Source records:
- - - - -
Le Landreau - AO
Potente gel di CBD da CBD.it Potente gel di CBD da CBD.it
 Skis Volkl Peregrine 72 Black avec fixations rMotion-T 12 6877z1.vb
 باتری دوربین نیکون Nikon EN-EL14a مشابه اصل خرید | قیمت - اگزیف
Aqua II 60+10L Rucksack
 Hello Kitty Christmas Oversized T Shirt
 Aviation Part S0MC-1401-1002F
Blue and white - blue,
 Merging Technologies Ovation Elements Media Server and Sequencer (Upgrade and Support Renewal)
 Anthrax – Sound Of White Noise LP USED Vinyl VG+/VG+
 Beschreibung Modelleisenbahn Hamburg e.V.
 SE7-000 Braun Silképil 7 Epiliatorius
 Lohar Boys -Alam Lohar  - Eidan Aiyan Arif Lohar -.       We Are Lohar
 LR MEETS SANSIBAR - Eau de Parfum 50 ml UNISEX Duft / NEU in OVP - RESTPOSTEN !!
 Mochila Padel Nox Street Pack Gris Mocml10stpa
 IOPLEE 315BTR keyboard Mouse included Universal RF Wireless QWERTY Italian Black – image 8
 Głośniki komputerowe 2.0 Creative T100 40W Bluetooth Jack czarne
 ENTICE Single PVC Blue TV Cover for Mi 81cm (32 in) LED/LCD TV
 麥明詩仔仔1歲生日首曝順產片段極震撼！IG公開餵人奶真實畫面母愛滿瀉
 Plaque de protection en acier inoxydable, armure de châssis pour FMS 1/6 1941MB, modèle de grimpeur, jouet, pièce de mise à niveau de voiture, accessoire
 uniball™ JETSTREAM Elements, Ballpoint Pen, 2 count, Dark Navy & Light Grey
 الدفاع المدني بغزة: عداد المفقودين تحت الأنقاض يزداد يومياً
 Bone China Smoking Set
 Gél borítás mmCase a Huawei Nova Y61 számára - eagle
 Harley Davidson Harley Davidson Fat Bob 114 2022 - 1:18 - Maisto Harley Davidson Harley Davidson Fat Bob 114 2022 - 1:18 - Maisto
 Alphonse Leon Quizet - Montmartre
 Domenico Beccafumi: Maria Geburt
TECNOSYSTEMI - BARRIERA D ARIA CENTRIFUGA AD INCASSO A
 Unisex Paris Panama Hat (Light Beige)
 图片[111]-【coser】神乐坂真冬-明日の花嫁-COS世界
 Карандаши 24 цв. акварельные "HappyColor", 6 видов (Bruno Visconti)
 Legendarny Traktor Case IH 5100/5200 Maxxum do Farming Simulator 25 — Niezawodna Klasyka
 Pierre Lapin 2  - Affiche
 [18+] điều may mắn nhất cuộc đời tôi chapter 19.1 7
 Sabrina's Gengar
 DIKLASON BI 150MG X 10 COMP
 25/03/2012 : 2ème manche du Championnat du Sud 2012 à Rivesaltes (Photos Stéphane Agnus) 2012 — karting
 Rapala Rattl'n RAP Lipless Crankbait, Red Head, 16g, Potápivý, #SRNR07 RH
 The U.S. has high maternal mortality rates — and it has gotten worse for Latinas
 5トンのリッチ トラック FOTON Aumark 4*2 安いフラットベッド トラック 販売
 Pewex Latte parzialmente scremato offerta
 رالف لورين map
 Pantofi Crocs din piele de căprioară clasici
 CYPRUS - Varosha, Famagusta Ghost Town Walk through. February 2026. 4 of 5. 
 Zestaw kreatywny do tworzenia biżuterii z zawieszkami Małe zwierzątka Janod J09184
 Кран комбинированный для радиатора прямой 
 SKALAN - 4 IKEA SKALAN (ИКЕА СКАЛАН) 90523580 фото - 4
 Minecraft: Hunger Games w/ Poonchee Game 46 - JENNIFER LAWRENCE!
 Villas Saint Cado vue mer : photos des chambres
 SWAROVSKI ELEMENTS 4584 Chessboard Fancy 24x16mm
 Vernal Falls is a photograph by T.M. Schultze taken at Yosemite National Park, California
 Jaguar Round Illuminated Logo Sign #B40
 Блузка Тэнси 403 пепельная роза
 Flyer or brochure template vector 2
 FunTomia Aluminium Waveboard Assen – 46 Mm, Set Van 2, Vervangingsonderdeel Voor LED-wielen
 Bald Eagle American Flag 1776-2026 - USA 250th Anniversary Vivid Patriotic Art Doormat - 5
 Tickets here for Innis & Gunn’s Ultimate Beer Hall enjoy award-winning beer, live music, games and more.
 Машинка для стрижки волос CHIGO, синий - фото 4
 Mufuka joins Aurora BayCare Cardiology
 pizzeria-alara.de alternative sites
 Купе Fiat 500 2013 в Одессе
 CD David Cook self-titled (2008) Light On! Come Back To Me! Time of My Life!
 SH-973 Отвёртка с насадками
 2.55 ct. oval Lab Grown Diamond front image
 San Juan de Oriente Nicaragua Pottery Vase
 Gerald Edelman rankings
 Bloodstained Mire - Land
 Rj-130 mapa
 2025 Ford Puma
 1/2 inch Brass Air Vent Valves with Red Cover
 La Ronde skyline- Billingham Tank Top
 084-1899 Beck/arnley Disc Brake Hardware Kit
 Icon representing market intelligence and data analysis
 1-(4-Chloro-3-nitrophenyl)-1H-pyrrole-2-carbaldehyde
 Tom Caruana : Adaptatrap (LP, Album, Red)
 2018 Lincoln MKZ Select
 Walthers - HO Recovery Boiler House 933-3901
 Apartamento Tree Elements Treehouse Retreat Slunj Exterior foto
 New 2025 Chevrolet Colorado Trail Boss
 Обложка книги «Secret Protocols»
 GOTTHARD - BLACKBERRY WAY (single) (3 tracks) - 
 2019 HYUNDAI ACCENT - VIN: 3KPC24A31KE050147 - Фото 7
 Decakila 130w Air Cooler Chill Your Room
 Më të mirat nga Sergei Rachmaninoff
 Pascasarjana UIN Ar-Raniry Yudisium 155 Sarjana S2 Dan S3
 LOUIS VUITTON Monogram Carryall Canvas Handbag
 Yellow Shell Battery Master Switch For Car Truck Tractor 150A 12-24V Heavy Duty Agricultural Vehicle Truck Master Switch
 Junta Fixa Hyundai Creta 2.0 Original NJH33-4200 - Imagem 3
- - - - -
Could you retype exactly the lines from the first one of the records through the line containing "Beschreibung Modelleisenbahn Hamburg e.V.", both included, and nothing more?

_Exercise answer_
Le Landreau - AO
Potente gel di CBD da CBD.it Potente gel di CBD da CBD.it
 Skis Volkl Peregrine 72 Black avec fixations rMotion-T 12 6877z1.vb
 باتری دوربین نیکون Nikon EN-EL14a مشابه اصل خرید | قیمت - اگزیف
Aqua II 60+10L Rucksack
 Hello Kitty Christmas Oversized T Shirt
 Aviation Part S0MC-1401-1002F
Blue and white - blue,
 Merging Technologies Ovation Elements Media Server and Sequencer (Upgrade and Support Renewal)
 Anthrax – Sound Of White Noise LP USED Vinyl VG+/VG+
 Beschreibung Modelleisenbahn Hamburg e.V.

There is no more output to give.